The economic viability of a multibillion-dollar infrastructure project supporting the Snowy 2.0 expansion should not be publicly tested because the project is nationally significant and the analysis might cause delays, Snowy Hydro says.
Energy market experts have criticised the proposal, saying it would prevent vital scrutiny of the project and risks repeating the over-investment in "poles and wires" infrastructure that led to spiralling electricity prices.
The massive expansion of the iconic Snowy Hydro scheme was announced in April last year by then-prime minister Malcolm Turnbull, who made it his signature project. It promises to make east coast energy supplies more reliable and affordable.
Snowy 2.0 would pump water uphill into dams and release it at times of high electricity demand, acting as a giant battery and backing up intermittent energy produced by wind and solar.
The scheme was conservatively priced at $2 billion.
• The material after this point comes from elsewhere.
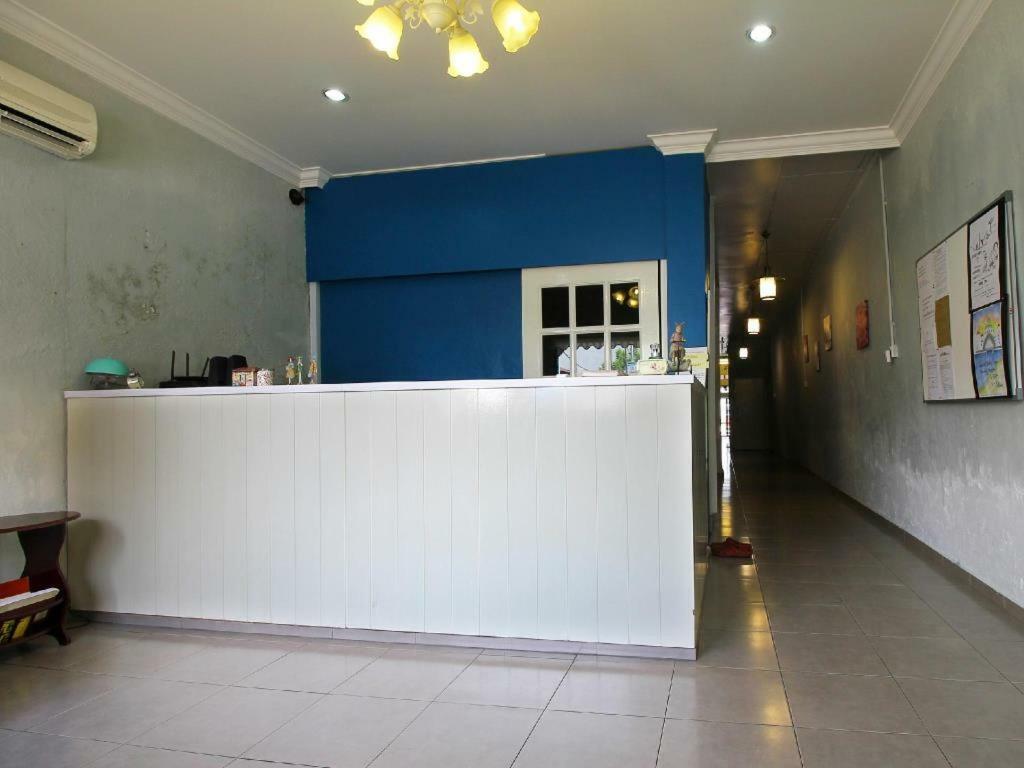 โวยาจคอทเทจลอดจ์ Hotel Malacca ภายนอก รูปภาพ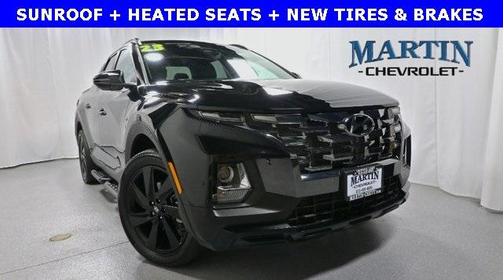 2023 Hyundai SANTA CRUZ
However the cost of upgrades to transmission lines and other infrastructure, required to deliver the extra capacity into Melbourne and Sydney, is expected to reach an estimated $2 billion or more, doubling the project’s cost.
Network businesses recover the cost of such upgrades from electricity consumers through higher prices.
In recent years, the businesses have been accused of "gold plating" or over-investing in network infrastructure to maximise profits. The Australian Competition and Consumer Commission says network charges have been the single biggest factor in rising household electricity bills over the past decade.
Snowy Hydro says the transmission work will involve a link between Tumut, Wagga Wagga and Bannaby in NSW and a strengthened connection between NSW and Victoria.
The Australian Energy Market Operator assesses such projects through the so-called regulatory investment test - identifying which transmission option offers the greatest economic benefits to market players, including consumers.
In a submission to the Australian Energy Market Commission, Snowy Hydro says the transmission projects "should not be subject to the [test]".
Instead, regulatory rules should be rewritten so that such "nationally significant and strategic" projects are approved differently - requiring only that a transmission network business "competitively source the most efficient means to deliver the project".
Snowy Hydro said regulatory investment tests can take more than 18 months and risk being delayed through the disputes process.
In a statement to Fairfax Media, the Commonwealth-owned Snowy Hydro said the test was ill-suited to a market transitioning to renewables and it was widely acknowledged within the industry that it needed updating.
"[The test] does not currently take into account ... factors such as competition, market benefits and reliability benefits, which all help lower prices for consumers," it said.
"We support any proposed transmission developments undergoing a rigorous test but it needs to be a holistic economic assessment to ensure the least cost options for consumers."
Snowy Hydro says the lines proposed to get its energy to market "will be needed and used by many other projects".
Energy Minister Angus Taylor did not say if he supported Snowy’s proposal, but told Fairfax Media "we must ensure that transmission does not drive up the cost of electricity to consumers".
Respected energy economist Bruce Mountain, a consultant who has advised government departments and regulators, said there was "just no way" Snowy 2.0 should be allowed to avoid the regulatory investment test.
"We’ve been through a massive mistake in network investment over the last decade through taking this sort of view that it’s all urgent, it has to be done, it always makes sense ... and we are now falling into the same trap," he said.
Associate Professor Mountain said the test was a public process that considered alternative transmission, generation and storage options, and may reveal cheaper options to Snowy 2.0.
“Snowy ought to be subject to exactly the same scrutiny as anyone else planning a major investment,” he said.
Grattan Institute energy program director Tony Wood said the test took time to complete but was "there for good reason".
"If such an exemption was to be granted [to Snowy 2.0], how does the consumer get protected?" he said, adding that should the expansion not prove as profitable as anticipated, "then the cost of it is worn by the consumer".
Mr Wood said the government had not adequately assessed alternative options before announcing Snowy 2.0. If the project was made exempt from the investment test, full financial details of the project, including the transmission costs, should be released so the public could "decide whether that is justified or not", he said.